I've heard great things about the Côte Chalonnaise, but frankly I've had a hard time finding wines from there. Since they are less sexy than the famous wines of Chablis and the Côte d'Or, and less well known than those of Macon (think Louis Jadot) they get lost in the shuffle. 

The Côte Chalonnaise is just south of the Côte de Beaune but it has different soils and a higher elevation, which means the wines taste different. The grapes are the same as the Côte d'Or so it often is termed "the poor man's" version, but I think it should be evaluated as a place all it's own -- it's not polite to compare siblings, right?

Here, there are 5 communes that make quality wine:
  • Bouzeron (booze-RAUN), which sounds like a region for martini loving alcoholics (boozers) and specializes in the less known white Aligoté grape
  • Rully (RULE-ee), which makes mainly high acid Chardonnay and some Pinot Noir
  • Mercurey (Mare-CORE-ay), the largest area, which makes very highly regarded Pinot Noir
  • Givry (JHEE-vree), which is the smallest commune and makes light style Pinot Noir, and 
  • Montagny (mont-ahh-NEE) in the south, which is exclusively Chardonnay territory.
The Côte Chalonnaise follows the classification system of Burgundy but it got stiffed when they were handing out the top honors: There are no Grand Crus (the highest quality classification) here. The area did win lots of consolation prizes though -- it has a ton of the next level, Premier Cru vineyards (on the bottle you'll see 1er. This means "Premier" not "one-er" although I like to tell M.C. Ice, my husband, that's what it is for kicks). 

The commune with the most Premier Crus is Montagny, known for making quality Chardonnay that are full and rich styles with great acidity. As a testament to the quality, the fairly well-esteemed (yet widely available, which is a bonus) producer, Louis Latour owns a huge proportion of the vineyards in the Côte Chalonnaise, most from top quality Premier Cru vineyard sites. 

So when I saw Latour's Montagny 1er Cru, "La Grande Roche" in my favorite wine shop I was excited to buy and try...I served it to my other wine dork friend, an Advanced Sommelier, who came over for lunch, and here's what we assessed...

The Wine: Louis Latour, Montagny 1er Cru, "La Grande Roche"
The Grape: 100% Chardonnay
Where it's from: Montagny, Côte Chalonnaise, Burgundy, France
Alcohol: 13%
Vintage: 2005 (an awesome year for Burgundy, very important when shopping for a European wine, BTW)
Price: $17.99

Color: The wine was a rich golden color.
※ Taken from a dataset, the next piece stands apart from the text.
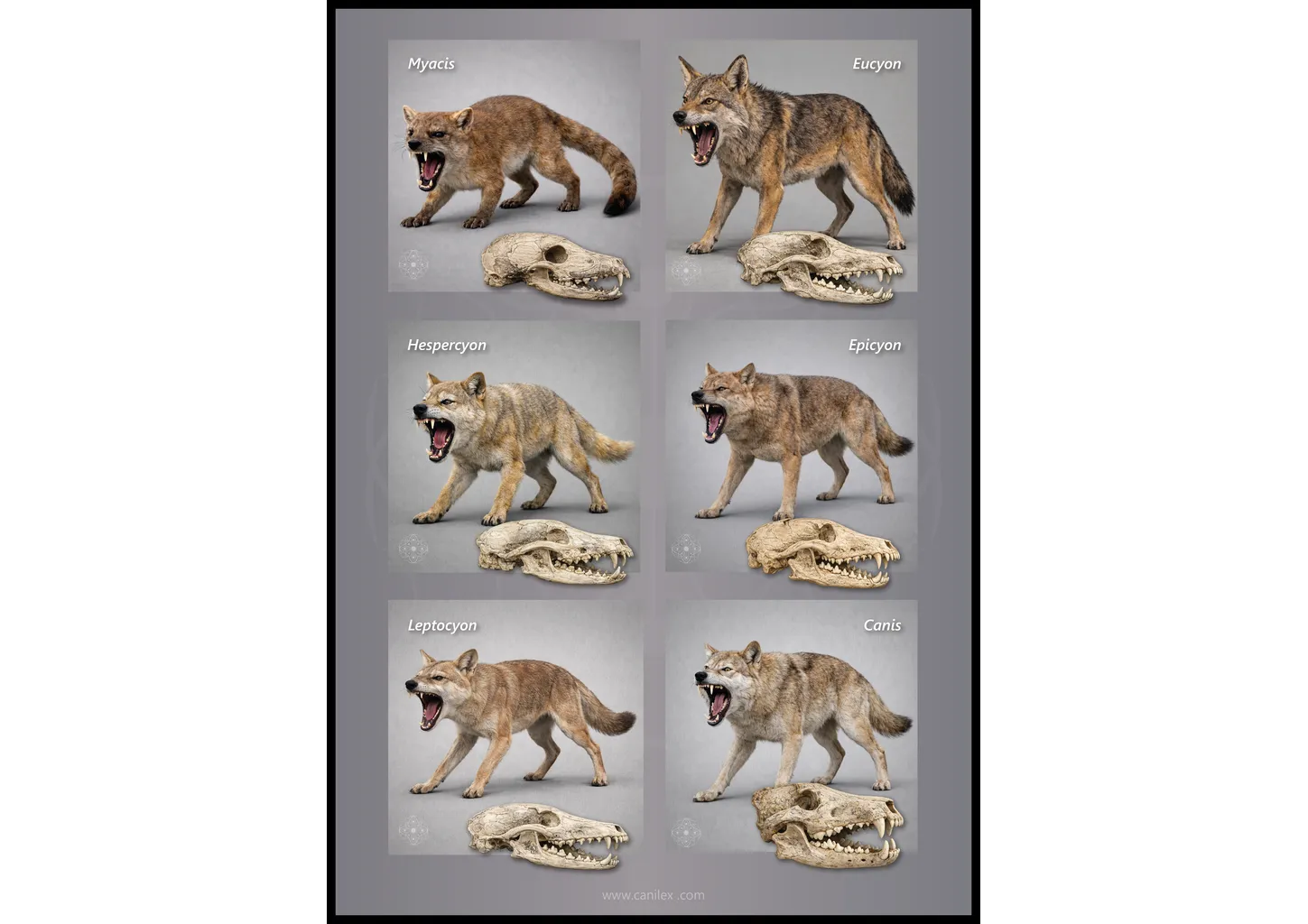 Evolution of the canid jaw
It looked almost like lemon-lime Gatorade. I expected either rich, ripe fruit or lots of oak. Wine is usually this dark from age (this one wasn't quite old enough to darken that much), sugar/ripeness, or tannin/oak.
Smell: This smelled so refreshing. Typical of wine from Burgundy it was like water running over rocks -- like a waterfall. The wine had a light caramel aroma and was a little bit like a pencil (I know this because I chew on pencils and they get a certain smell to them -- terrible habit, but good for expanding your wine repertoire!). There was a little honeydew melon thing going on too. Yum.
Taste: It was MUCH lighter than I expected. My friend said it perfectly when she called it a lunch wine -- light with a little bit of acid, some of that mineral flavor with the oaky/caramel/pencil stuff I smelled. There wasn't any fruit flavor -- just light acid and oak.
Pairing: Because this wine is so light, it's hard to pair with anything except mild-tasting cheese with mild-tasting crackers. We paired panini with mozzerella, avocado, and tomato with it and this refreshing and light sandwich almost overtook the wine.
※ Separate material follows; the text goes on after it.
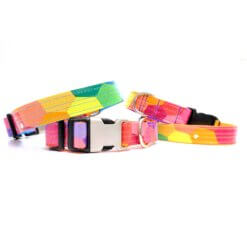prism collar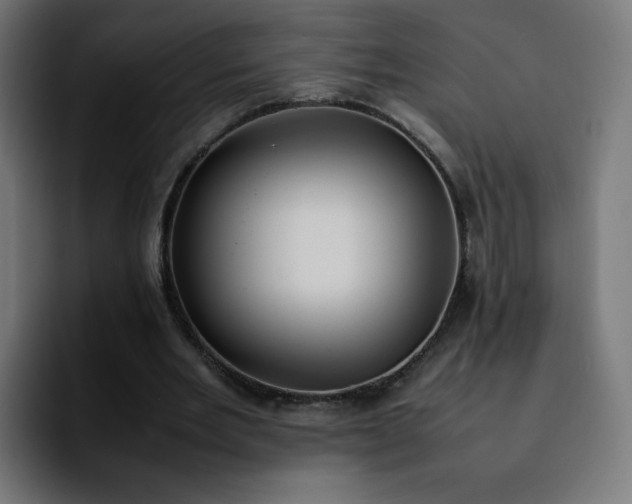 X0000092220485200709211010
Drink or Sink: I bought this wine, in part, because 2005 was supposed to be an amazing vintage in Burgundy, and that, combined with the fact that wines from the Côte Chalonnaise are a great value, made me think I'd discovered an amazing find. The truth is, the wine was totally forgettable. It was a snoozer and not really worth seeking out. I'm not sure whether I drank it too late, or too early but either way, I can't say I'll be buying it again!

Please let me know what you think! Write a comment below!

1 comment:

  1. I just ordered several bottles of their 2011. Have you heard anything pro/con about their vintage in general? I have been reading about certain white Burgundies mysteriously fading after only four or five years - maybe that's what happened with your bottle.